WITH PERFECT TIMING, this amiable little Sundance favorite arrives here just as Seattle Weekly is examining why guys are increasingly having issues with their bodies. (See feature story, page 26.) Tao‘s friendly lunk of a hero, Dexter, is like a relaxed antithesis to this anxiety-ridden, narcissistic trend. A shabby, tubby Don Juan with a proven philosophy for landing hotties, he doesn’t care what he looks like but he knows how to listen. Women are improbably drawn to Dex as a result—thanks also to the considerable charisma of Donal Logue (the chatterbox Boston cabbie in those old MTV segments, also currently on view in The Patriot and The Opportunists).


THE TAO OF STEVE

directed by Jenniphr Goodman

with Donal Logue and Greer Goodman

opens August 11 at Harvard Exit


We meet Dex at his 10th college reunion in Santa Fe, where he still lives the slacker postgrad existence, toking up in the morning before his job as a preschool teacher and sharing a house with a bunch of other Frisbee golf-playing guys. Mingling with old classmates, he spies Syd (Greer Goodman), a babe of a set designer whose controlled, high-achiever demeanor couldn’t be more of a contrast with disheveled Dex. There’s your plot, in the venerable tradition of romantic comedy: Mismatched opposites fall for each other, dragging their heels all the way. Naturally rivals, misunderstandings, setbacks, and a few sad moments come with the package—but you know where things are headed. The fresh, enjoyable parts are sage Dexter’s philosophy and the desert college-town setting, where Tibetan prayer flags hang over the adobe doorways. In its way, Tao is a Y2K update on the old Rock Hudson-Doris Day comedies of the ’50s—with sex, drugs, and Kierkegaard thrown into the mix.
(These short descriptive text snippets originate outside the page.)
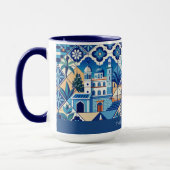 Individuelle Name Azulejo Tiles Pattern Tasse (Links)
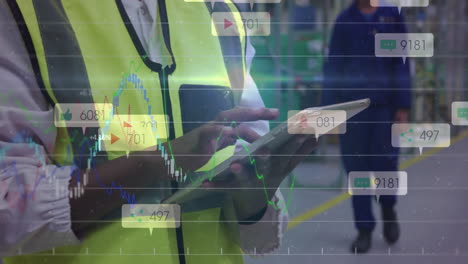 using tablet and phone, person in safety vest with animation of social media icons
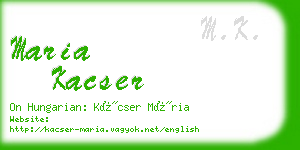 maria kacser business card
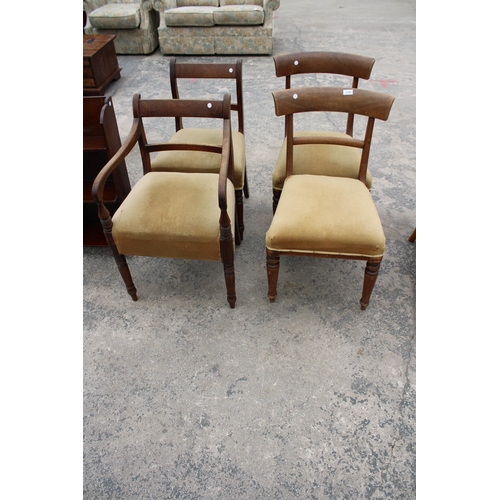 2798 - FOUR VARIOUS MAHOGANY DINING CHAIRS, ONE BEING A CARVER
Throughout the picture, Zen master Dex amusingly lectures a young housemate about the tao of Steve—which includes cultivating a Steve McQueen-like coolness. “You must learn to eliminate your desire,” Dex opines. That’s only rule one, and the fun of Tao is being a fellow pupil to his lessons. It’s also a terrific and natural date film that may have many distaff viewers nudging their companions in the ribs: See, see, you could learn from this guy!

Smitten with Syd, however, Dex does finally question his own methods and behavior, forcing a rather predictable identity crisis and resolution. The briskly engaging Tao is also too perky and precious in places, with a relentlessly upbeat score, but those are minor quibbles in an otherwise winningly likeable movie.
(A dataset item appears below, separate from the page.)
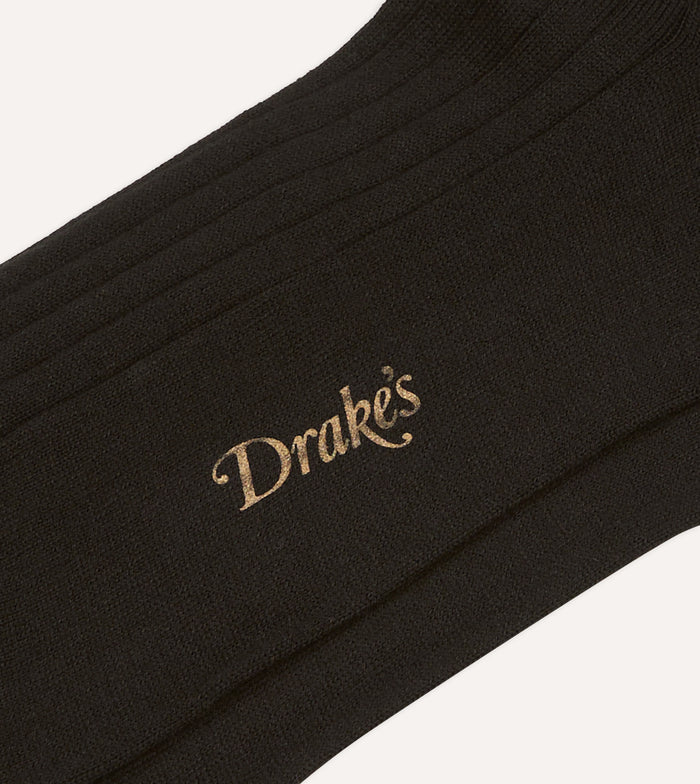 Black Cotton Over-the-Calf Socks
IN REAL LIFE, Tao‘s cowriter Duncan North was the inspiration for Dex, and he appeared with director Jenniphr Goodman at SIFF in June. “It started with us talking about men and women,” he explains of the script’s origin, describing how subsequent story conferences addressed issues of noncommunication between the sexes. What Goodman calls “the chasm” between the two is precisely where Dex shows his skills. “He’s self-absorbed,” says North, “and at the same time . . .”
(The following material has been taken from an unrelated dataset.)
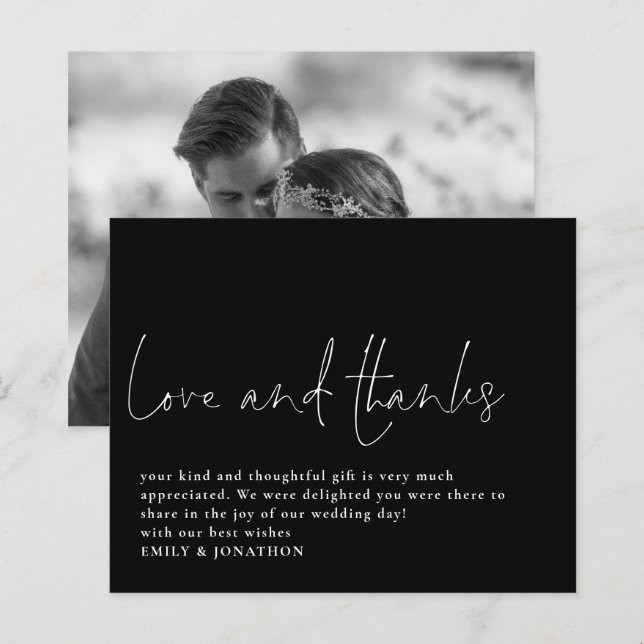 Budget Love Thanks Photo Wedding Thank You Black (Front/Back)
“. . . a sensitive listener,” Goodman says, finishing the thought.

For North, bridging the gap between the sexes requires men to realize that “the shortest distance between two points is not a straight line in relationships.” Both he and Goodman emphasize the often circuitous conversational path of seduction—as opposed to the traditional linear male march to conquest—as being Dex’s real lesson. “It tells you what women are looking for,” says North of his decidedly unbuffed, unsculpted, unkempt onscreen double. “Most men think conversation is just dead time between sex and football,” he continues. “Most guys see the complexity of women as this big pain in the ass thing, whereas for Dex, the fact that women are complex is what makes his life possible.”